## Material provided
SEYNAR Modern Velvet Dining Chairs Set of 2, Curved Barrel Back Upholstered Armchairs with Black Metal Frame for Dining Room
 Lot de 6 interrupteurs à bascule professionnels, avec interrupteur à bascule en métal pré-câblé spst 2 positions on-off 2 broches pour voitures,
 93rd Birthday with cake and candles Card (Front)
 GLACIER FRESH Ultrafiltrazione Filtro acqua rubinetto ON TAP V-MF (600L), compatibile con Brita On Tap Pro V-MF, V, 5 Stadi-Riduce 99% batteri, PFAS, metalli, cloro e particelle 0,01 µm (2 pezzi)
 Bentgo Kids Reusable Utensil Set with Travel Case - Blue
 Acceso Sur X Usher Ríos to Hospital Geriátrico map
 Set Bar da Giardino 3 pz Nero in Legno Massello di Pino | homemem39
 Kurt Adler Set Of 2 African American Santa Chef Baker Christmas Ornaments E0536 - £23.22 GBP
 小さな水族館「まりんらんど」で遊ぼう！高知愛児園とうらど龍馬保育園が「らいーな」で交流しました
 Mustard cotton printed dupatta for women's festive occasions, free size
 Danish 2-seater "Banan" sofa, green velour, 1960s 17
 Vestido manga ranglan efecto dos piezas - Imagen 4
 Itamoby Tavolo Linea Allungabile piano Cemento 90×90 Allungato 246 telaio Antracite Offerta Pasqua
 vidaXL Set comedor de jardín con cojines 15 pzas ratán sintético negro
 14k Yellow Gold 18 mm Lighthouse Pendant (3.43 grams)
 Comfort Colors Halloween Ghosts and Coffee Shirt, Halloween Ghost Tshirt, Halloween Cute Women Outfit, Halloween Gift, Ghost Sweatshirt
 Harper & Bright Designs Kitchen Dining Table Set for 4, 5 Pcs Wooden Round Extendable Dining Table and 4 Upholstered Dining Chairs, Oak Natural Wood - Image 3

## Instructions for the task
Please copy exactly, and only, the lines from the line containing "14k Yellow Gold" through the last line of the records, with both ends included.

## Final answer
 14k Yellow Gold 18 mm Lighthouse Pendant (3.43 grams)
 Comfort Colors Halloween Ghosts and Coffee Shirt, Halloween Ghost Tshirt, Halloween Cute Women Outfit, Halloween Gift, Ghost Sweatshirt
 Harper & Bright Designs Kitchen Dining Table Set for 4, 5 Pcs Wooden Round Extendable Dining Table and 4 Upholstered Dining Chairs, Oak Natural Wood - Image 3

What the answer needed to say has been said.